In Search of Ancient North Africa: A History in Six Lives
English
By (author): Barnaby Rogerson
For 40 years, Barnaby Rogerson has travelled across North Africa, making sense of the region's complex and fascinating history as both a writer and a guide. Throughout that time, there have always been a handful of stories he could not pin into neat, tidy narratives; stories that were not distinctly good or bad, tragic or pathetic, selfish or heroic, malicious or noble. This book, neither a work of history nor travel writing, is a journey into the ruins of a landscape to make sense of these stories through the lives of five men and one woman. A sacrificial refugee (Queen Dido), a prisoner-of-war who became a compliant tool of the Roman Empire (King Juba), an unpromising provincial who, as Emperor, brought the Empire to its dazzling apogee (Septimius Severus), an intellectual careerist who became a bishop and a saint (St Augustine), the greatest General the world has ever known (Hannibal), and the Berber Cavalry General who eventually defeated him (Masinissa). Though all six lives have been clouded with as much myth as fact, the destinies of these North African figures remain highly relevant today.
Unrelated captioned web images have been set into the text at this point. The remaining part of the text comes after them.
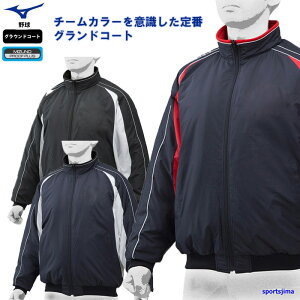 ~Ym 싅 OEhR[g 12JE9G33 x`R[g EBhu[J[ K h  ۉ y Y fB[X    Z싅 OR lC 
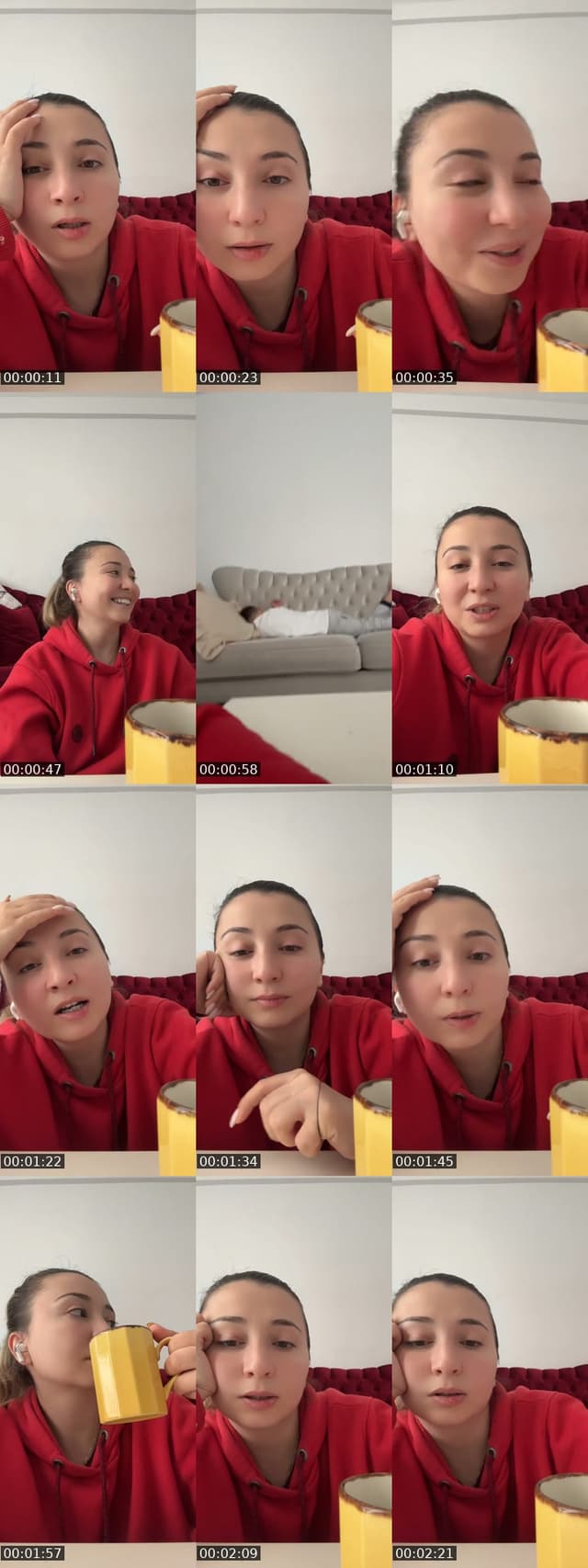 @usereeee971 TikTok live from 2026-06-01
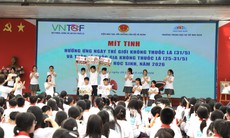 Sửa Luật Phòng, chống tác hại của thuốc lá: Làm rõ khái niệm để thống nhất trong thực thi pháp luật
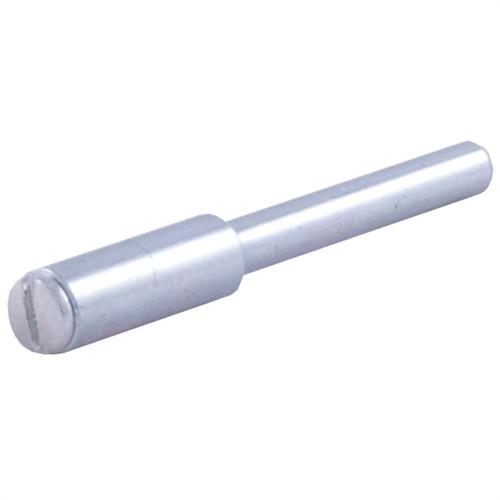 Dremel Mandrel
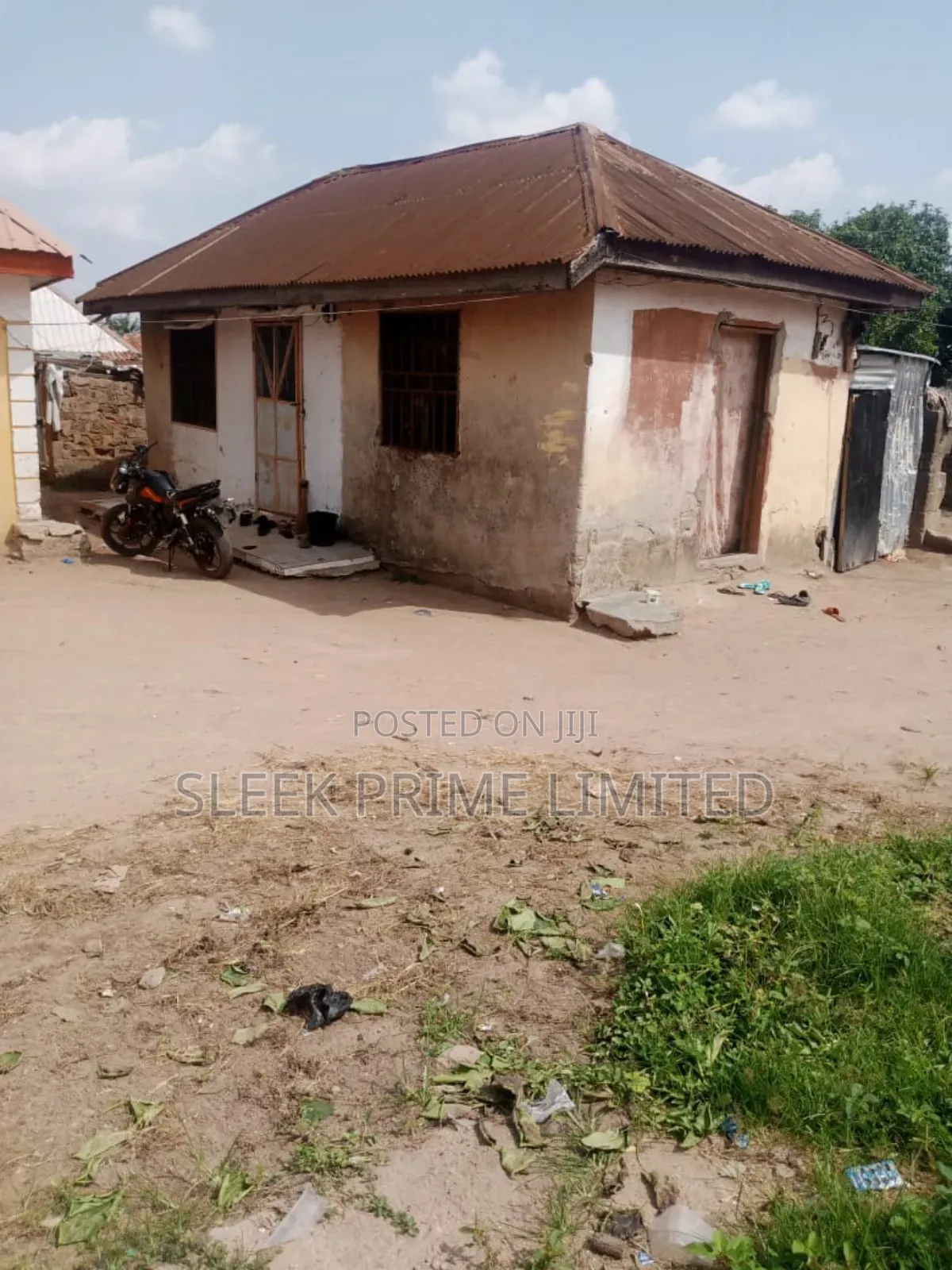 2bdrm Bungalow in Mararaba for sale in Mararaba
Their descendants are faced with the same choices: Do you stay pure to your own culture and fight against the power of the West, or do you study and assimilate this other culture, and utilise its skills? Will it greet you as an ally only to own you as a slave? The chosen heroes of this book represent classical North Africa, and not the familiar drum roll of Julius Caesar, Augustus, Trajan, Hadrian, Constantine and Justinian. In between these life stories, we explore ruins which tell their own tales and see the multiple interconnections that bind the culture of this region with the wider world, particularly the spiritual traditions of the ancient Near East. With photographs by Don McCullin.